APA
YANG HARUS DILAKUKAN KETIKA HASIL PENGUJIAN BESI DILAPANGAN TIDAK MEMENUHI
STANDAR?
APA
PERBEDAAN BJTS 420A DAN 420B?
Proyek
Konstruksi Beton tidak akan terlepas dari penggunaan baja tulangan sebagai
material yang menahan tarik. Seperti yang sudah kita pelajari di bangku kuliah,
karakteristik beton adalah sangat baik dalam menahan tekan, oleh karena itu
mutu beton selalu dinotasikan dengan lambing f’c. Notasi ini sebenarnya mengacu
pada ACI (American Concrete Institute),
sebuah lembaga yang mengatur standar peraturan mengenai struktur beton di
Amerika Serikat. Maksud dari f’c menurut ACI adalah compressive strength of concrete atau kuat tekan beton, tanda aksen (‘) merujuk
pada compressive atau tekan. Oleh
karena beton hanya mampu dalam menahan tekan, sehingga untuk menahan bagian
tariknya maka perlu ditambahkan baja/besi tulangan. Penambahan baja/besi
tulangan pun tidak sembarangan, perlu dilakukan analisis secara mekanika berapa
besar gaya/momen yang dihasilkan sehingga kebutuhan jumlah dan diameter
tulangan yang digunakan tepat dan sesuai. Bukan hanya itu saja, mutu dari
tulangan yang digunakan tersebut pun harus sesuai dengan standar yang berlaku.
Saat
ini di Indonesia, standar atau SNI yang mengatur mengenai karakteristik baja
tulangan telah diperbarui, dengan revisi terakhir adalah pada tahun 2017 yaitu
SNI-2052 2017 yang menggantikan SNI 2052-2014 sebelumnya. Perbedaan antara
kedua versi SNI tersebut juga cukup signifikan, dimana terdapat perubahan pada
penamaan mutu baja dan batas izin kuat leleh (fy) yang meningkat sebagaimana
dapat dilihat pada gambar dibawah ini.
SNI 2052 2014
SNI 2052 2017
Terlihat
bahwa berdasarkan perbandingan sifat mekanis diatas, terdapat perbedaan bukan?

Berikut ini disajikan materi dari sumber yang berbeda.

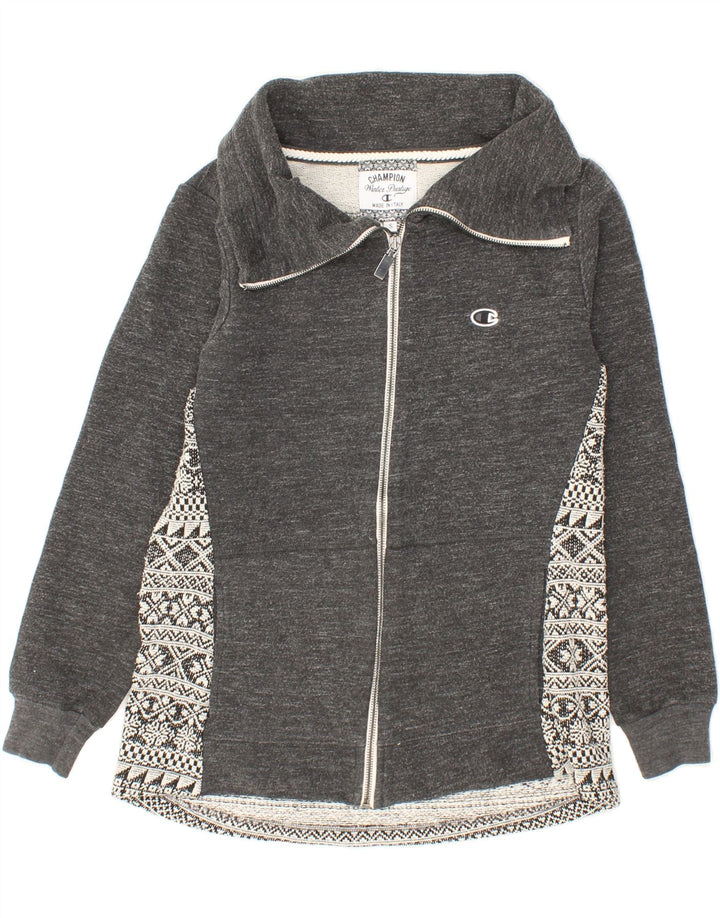 CHAMPION Womens Tracksuit Top Jacket UK 10 Small Grey Fair Isle Cotton Vintage Champion and Second-Hand Champion from Messina Hembry 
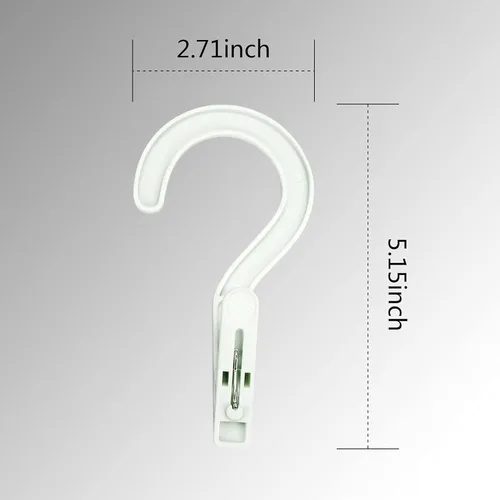 Miniatura 2 de Ganchos para ropa sucia, ganchos para botas, pasadores de ropa de plástico, clips para baño, viajes, portátil, color blanco (12 unidades)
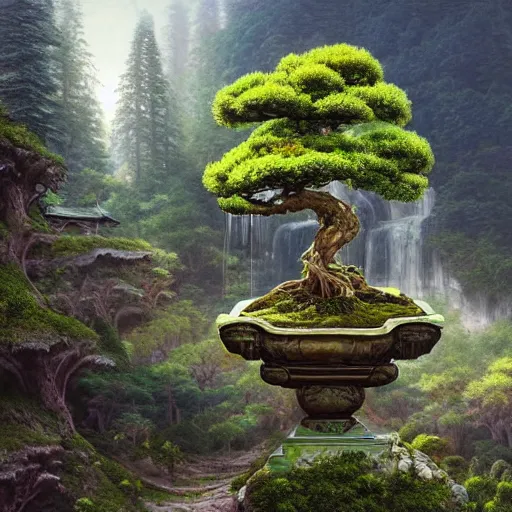 Image similar to A beautiful hyper realistic detailed matte painting of a bonsai tree shaped temple nestled in forest mountains by John Howe and Albert Bierstadt and Alena Aenami and dan mumford and dave noton, unreal engine, trending on behance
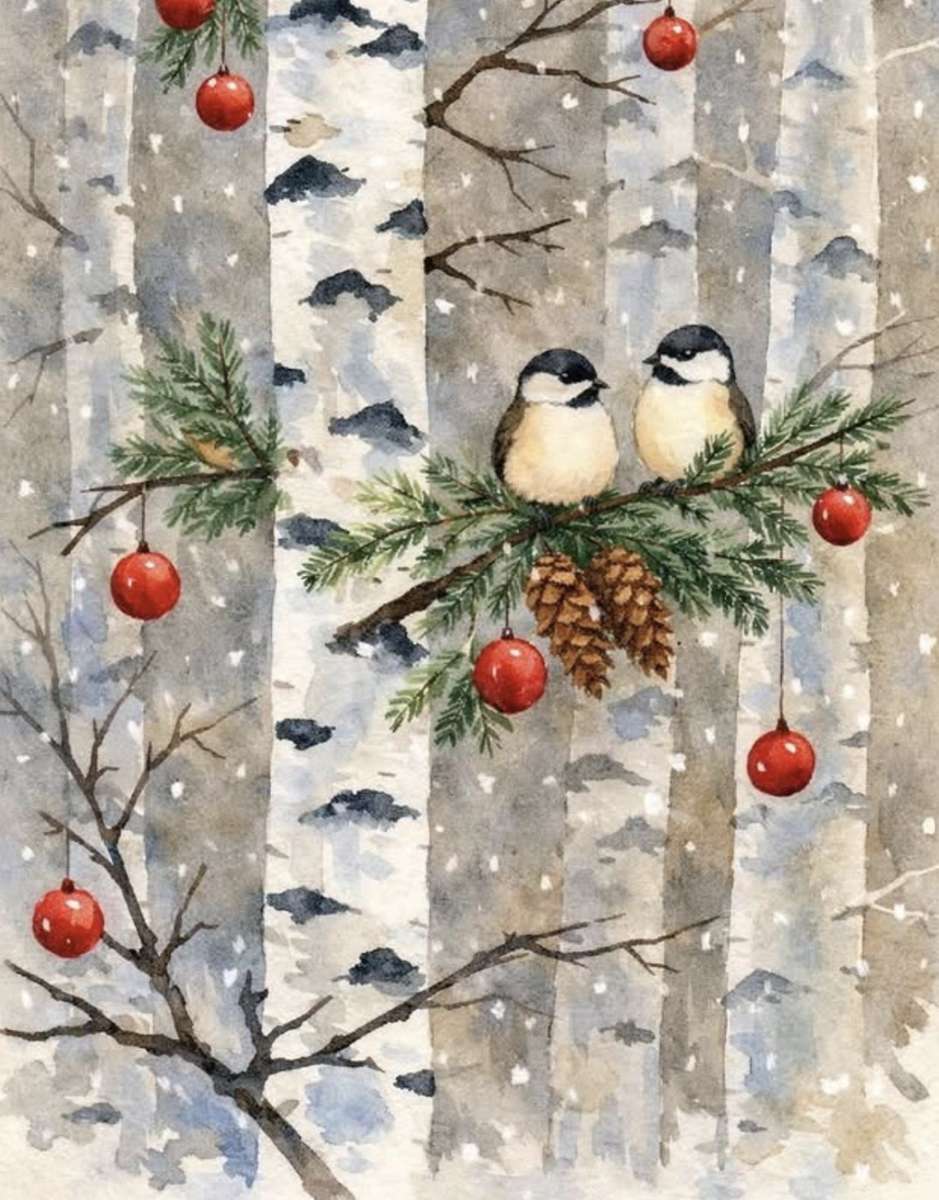 Két madár egy fenyőágon jó dekoráció. online puzzle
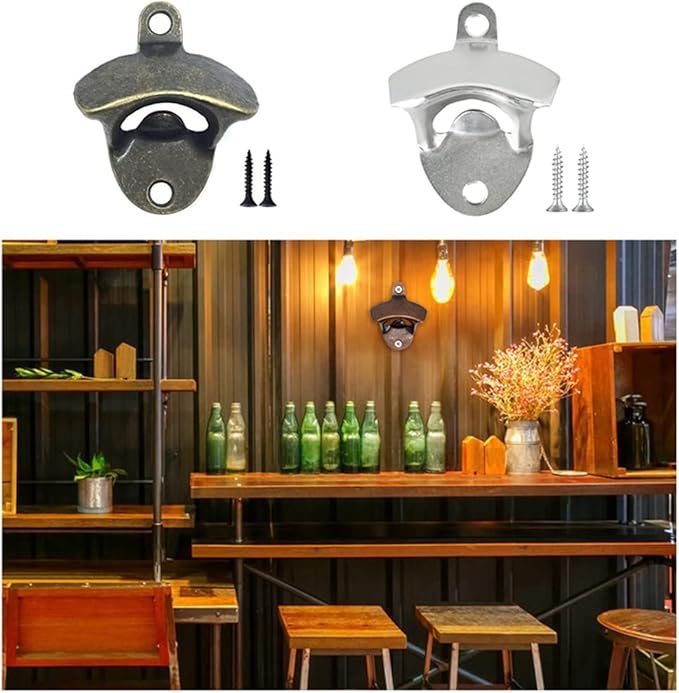 20 Pack Bottle Opener Wall Mounted, Vintage Beer Bottle Opener with Screws for Bars KTV Hotels Homes, (Silver)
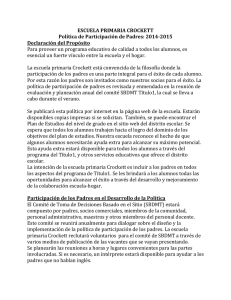 ESCUELA PRIMARIA CROCKETT Política de Participación de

Sebagai contoh jika kita merujuk peraturan lama maka kita akan menggunakan
kelas baja tulangan BJTS 40 dengan nilai kuat leleh fy=390 MPa. Akan tetapi
jika menggunakan peraturan terbaru makan kode BJTS 40 sudah diganti menjadi BJTS 420A dan BJTS 420B yang sama-sama memiliki nilai kuat leleh minimum fy=420
MPa. Nilai kuat leleh ini meningkat dari sebelumnya, artinya jika menggunakan
SNI terbaru maka kuat leleh dalam perhitungan akan lebih besar.
Sekarang muncul lagi
pertanyaan, apa perbedaan BJTS 420A dan BJTS 420B???
Jika
dilihat dari tabel yang sama diatas, perbedaan keduanya terletak pada nilai regangan minimum yang diizinkan. Untuk
tulangan diameter 19mm, maka:
a.
BJTS 420A = regangan
minimum 9%
b.
BJTS 420B = regangan
minimum 14%
Apa itu regangan minimum?
Regangan
adalah pertambahan panjang benda uji ketika ditarik, nilai regangan yang lebih
besar menujukkan tingkat daktilitas material yang lebih baik. Artinya ketika
mencapa nilai Kuat Tarik Maksimum yang sama, maka BJTS 420B bisa lebih besar
regangannya sebesar 14% dibanding BJTS 420A yang hanya sebesar 9%.
Pada
konsep bangunan tahan gempa, tidak hanya tergantung pada kekuatan saja, melainkan juga ada aspek lain yaitu daktilitas dan Kekakuan. Jika yang diandalkan hanya kekuatan saja, maka semakin
besar mutu yang digunakan akan semakin kuat, namun aspek daktilitas tentu tidak
akan dipenuhi.
Penjelasannya
kira-kira seperti ini, dalam desain suatu bangunan selalu ada aspek beban yang
tidak bisa dihindari, yaitu beban gempa. Apakah jika bangunan sudah di desain
dengan beban gempa tertentu, berarti tidak ada kemungkinan sama sekali
terlampaui? Tentu tidak, kemungkinan terlampaui itu pasti ada, oleh karena itu
prinsip bangunan tahan gempa adalah bukan pada seberapa kuat bangunan itu
menahan gempa, tetapi bagaimana perilaku bangunan tersebut ketika terjadi gempa
yang melebihi beban gempa recananya? Dan apabila gempa rencana terlampaui (Kuat
gempa terjadi melebih Kuat rencana), maka diharapkan perilaku struktur masih
pada kondisi inelastis, yaitu bangunan tidak langsung runtuh seketika,
melainkan ada jeda waktu untuk penghuninya menyelamatkan diri nya. Itulah
prinsip bangunan tahan gempa yang ideal. Kondisi tersebut hanya akan terjadi
jika daktilitas material yang digunakan memenuhi syarat.
Itulah
kenapa prinsip Kekuatan, Kekakuan, dan Daktiltas tidak bisa saling meniadakan.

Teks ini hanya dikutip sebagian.